The Multiworld Testing Decision Service
We made a tool that you can use. It is the first general purpose reinforcement-based learning system
Reinforcement learning is much discussed these days with successes like AlphaGo. Wouldn’t it be great if Reinforcement Learning algorithms could easily be used to solve all reinforcement learning problems? But there is a well-known problem: It’s very easy to create natural RL problems for which all standard RL algorithms (epsilon-greedy Q-learning, SARSA, etc…) fail catastrophically. That’s a serious limitation which both inspires research and which I suspect many people need to learn the hard way.
Removing the credit assignment problem from reinforcement learning yields the Contextual Bandit setting which we know is generically solvable in the same manner as common supervised learning problems. I know of about a half-dozen real-world successful contextual bandit applications typically requiring the cooperation of engineers and deeply knowledgeable data scientists.
Can we make this dramatically easier? We need a system that explores over appropriate choices with logging of features, actions, probabilities of actions, and outcomes. These must then be fed into an appropriate learning algorithm which trains a policy and then deploys the policy at the point of decision. Naturally, this is what we’ve done and now it can be used by anyone. This drops the barrier to use down to: “Do you have permissions? And do you have a reasonable idea of what a good feature is?”
A key foundational idea is Multiworld Testing: the capability to evaluate large numbers of policies mapping features to action in a manner exponentially more efficient than standard A/B testing. This is used pervasively in the Contextual Bandit literature and you can see it in action for the system we’ve made at Microsoft Research. The key design principles are:
- Contextual Bandits. Many people have tried to create online learning system that do not take into account the biasing effects of decisions. These fail near-universally. For example they might be very good at predicting what was shown (and hence clicked on) rather that what should be shown to generate the most interest.
- Data Lifecycle support. This system supports the entire process of data collection, joining, learning, and deployment.
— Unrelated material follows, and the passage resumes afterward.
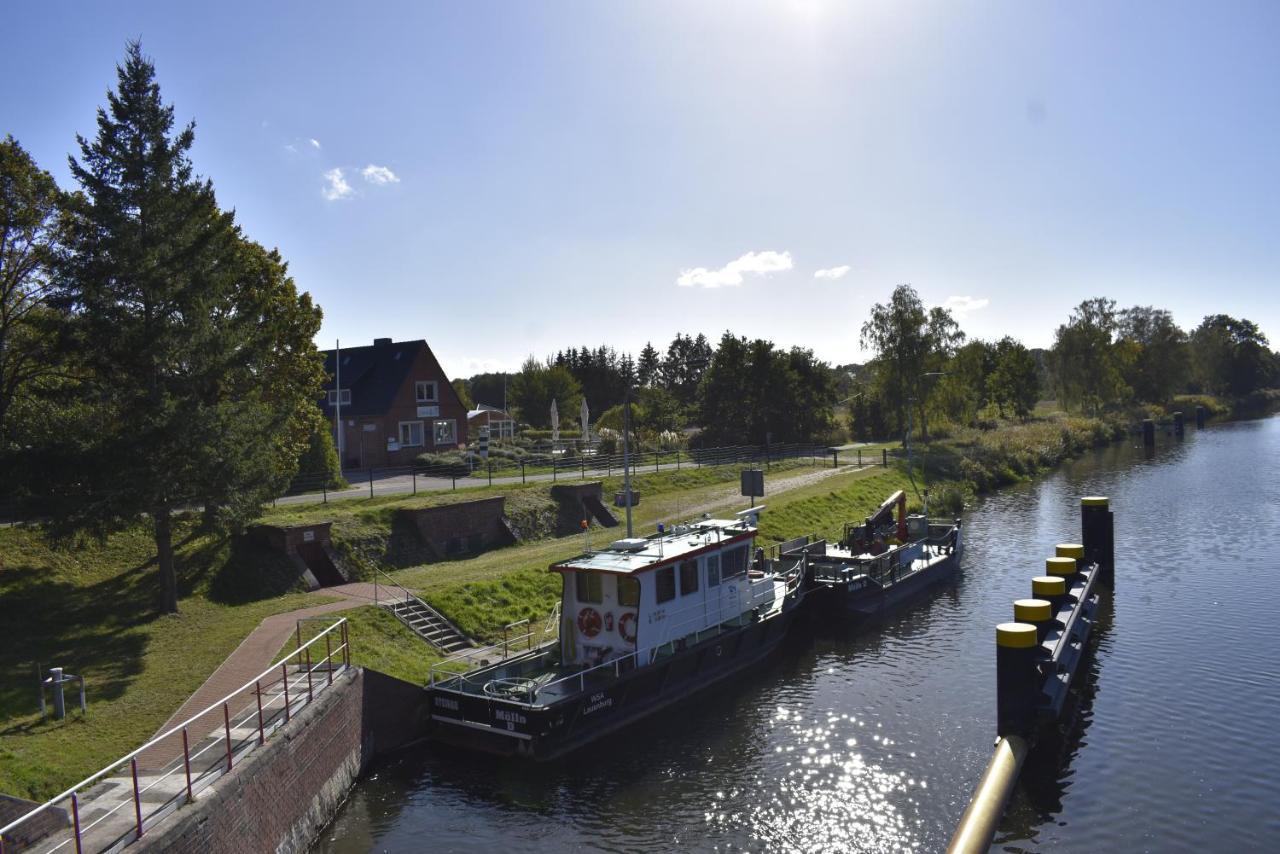 Pension Zur Schleuse Garni Am Elbe Luebeck - Kanal In Witzeeze 外观 照片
Doing this eliminates many stupid-but-killer bugs that I’ve seen in practice.
- Modularity. The system decomposes into pieces: exploration library, client library, online learner, join server, etc… because I’ve seen to many cases where the pieces are useful but the system is not.
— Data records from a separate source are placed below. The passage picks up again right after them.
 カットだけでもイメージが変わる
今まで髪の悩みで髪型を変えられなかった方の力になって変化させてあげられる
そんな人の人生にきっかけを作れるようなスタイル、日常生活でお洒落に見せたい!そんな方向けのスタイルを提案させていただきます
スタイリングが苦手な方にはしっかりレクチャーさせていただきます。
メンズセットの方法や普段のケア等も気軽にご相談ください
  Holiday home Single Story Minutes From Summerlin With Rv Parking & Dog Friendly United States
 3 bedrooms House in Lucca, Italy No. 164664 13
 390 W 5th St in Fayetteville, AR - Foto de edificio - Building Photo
- Reproducibility. Everything is logged in a fashion which makes online behavior offline reproducible. Consequently, the system is debuggable and hence improvable.
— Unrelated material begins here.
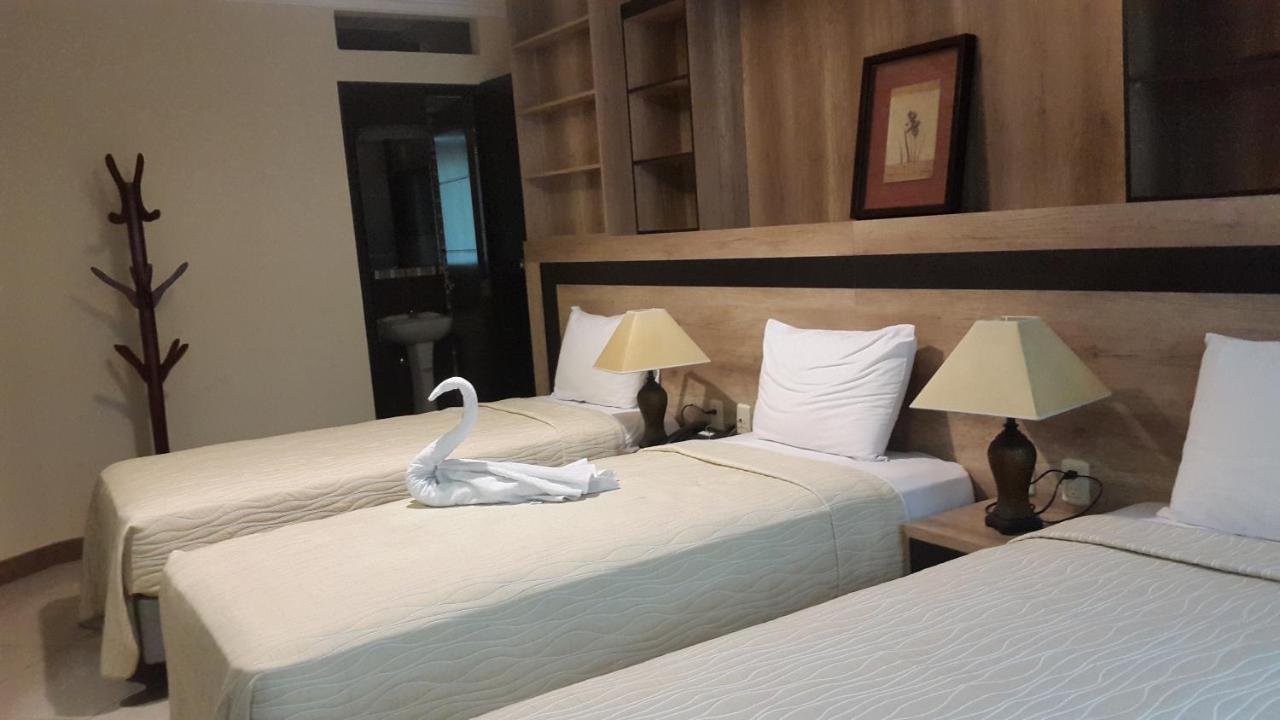 Atlantic Blue Hotel Гуаякуил Екстериор снимка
The system we’ve created is open source with system components in mwt-ds and the core learning algorithms in Vowpal Wabbit. If you use everything it enables a fully automatic causally sound learning loop for contextual control of a small number of actions. This is strongly scalable, for example a version of this is in use for personalized news on MSN. It can be either low-latency (with a client side library) or cross platform (with a JSON REST web interface). Advanced exploration algorithms are available to enable better exploration strategies than simple epsilon-greedy baselines. The system autodeploys into a chosen Azure account with a baseline cost of about $0.20/hour. The autodeployment takes a few minutes after which you can test or use the system as desired.
This system is open source and there are many ways for people to help if they are interested. For example, support for the client-side library in more languages, support of other learning algorithms & systems, better documentation, etc… are all obviously useful.